The Central Bank introduced macroprudential controls on Irish mortgage lending in early 2015 with a focus on Loan to Value (LTV) and Loan to Income (LTI). The controls are subject to annual review and were initially amended in January 2017 with another set of ‘refinements’ just announced , to take effect from 2018.The latter includes quite a significant modification to the way the LTI control operates and in our view represents a tightening of credit controls, although one does not get that impression from the Central Bank release.
Currently, 20% of Principal Dwelling House (PDH) lending can exceed the 3.5 LTI limit. Data released by the Central Bank shows that PDH lending for the first half of 2017 amounted to €2,770m and that €487m exceeded the limit, or 17.6%, indicating that the limit is being observed, at least for that six month period ( it actually applies over a full year). Yet the data reveals a marked divergence between FTB’s and other buyers; over 24% of lending to the former was in excess of the 3.5 LTI limit, while for the latter the figure was only 10%.
Clearly the LTI limit is a much bigger issue for FTB’s in an environment of scarce supply, strong house price inflation and where around half of house sales are going to non-mortgage buyers . As the controls currently stand there is no specific constraint on the amount of FTB lending in excess of the LTI limit , as long as the overall lending figure is within the 20% exemption.

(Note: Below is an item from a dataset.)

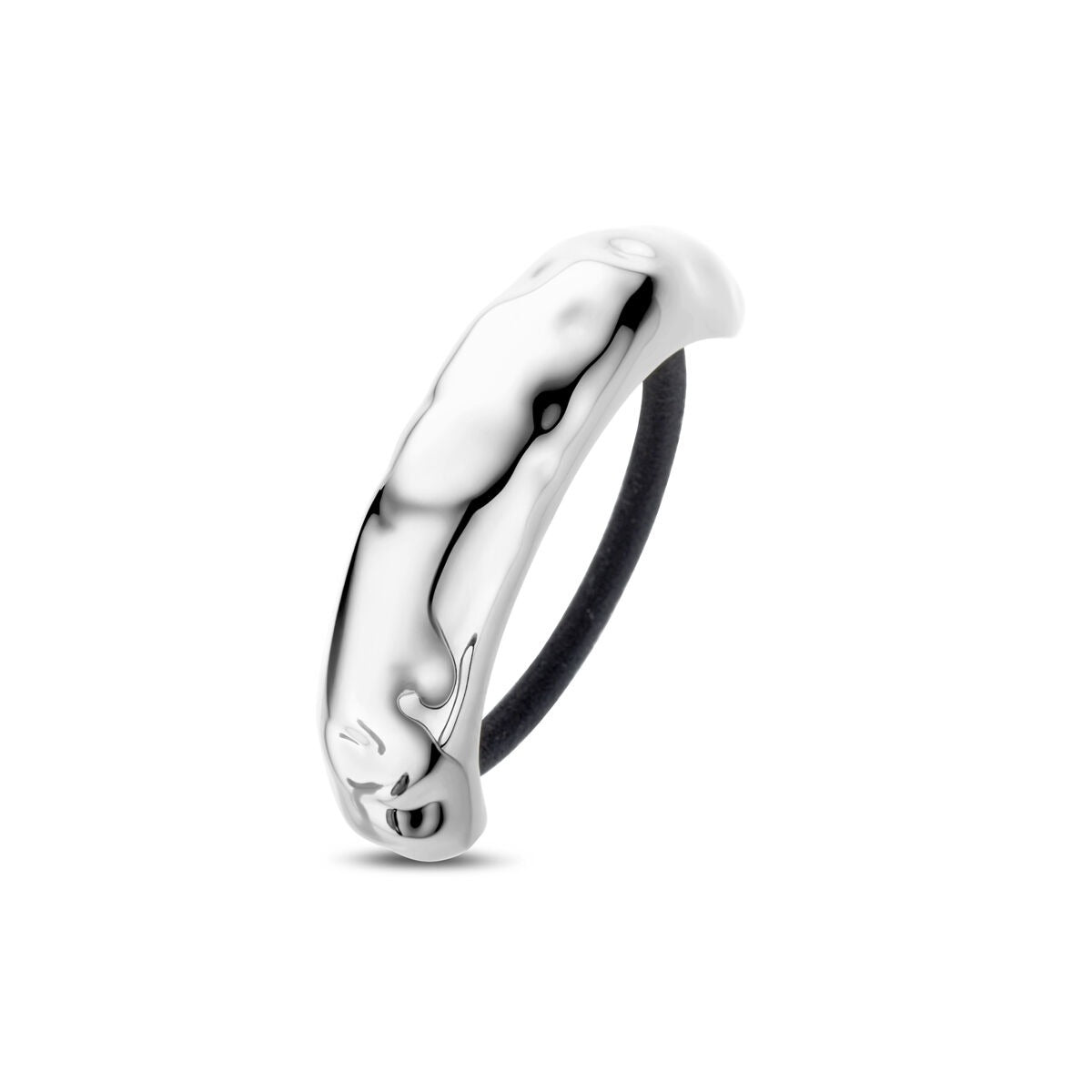 Zilverkleurige stalen hair cuff met een glanzende afwerking en een zwarte elastische band.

The Central Bank has responded by amending the LTI exemption. From January the overall 20% limit no longer operates, with a 20% exemption limit allocated to FTB lending and 10% to other lending. Had these applied over the first half of the year FTB lending would have been €61bn lower, with no material impact on other lending.

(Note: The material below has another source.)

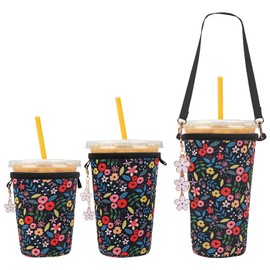 3PC Reusable Neoprene Iced Coffee Sleeve with Strap & Charms Perfect Cold Drink Sleeve for Iced Drinks, Coffee Cup Sleeves, and More Durable, Insulated Coffee Sleeves for Iced Coffees & Cold Beverages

Just over half of PDH lending is currently to FTB’s so the implication is that there is now a 15% overall exemption limit in practice, given a 20% allocation to FTB’s and only 10% to other buyers. The Central Bank argues that FTB lending is less risky than to second or subsequent buyers ( although credit agancies seem to have a different view) , so justifying differential LTV’s and now LTI exemptions, but the changes would appear to mask an effective tightening in overall lending standards. The Bank notes that ‘the refinement is not expected to have a significant impact on the functioning of the market’ but it clearly will limit overall exemptions relative to the current postion.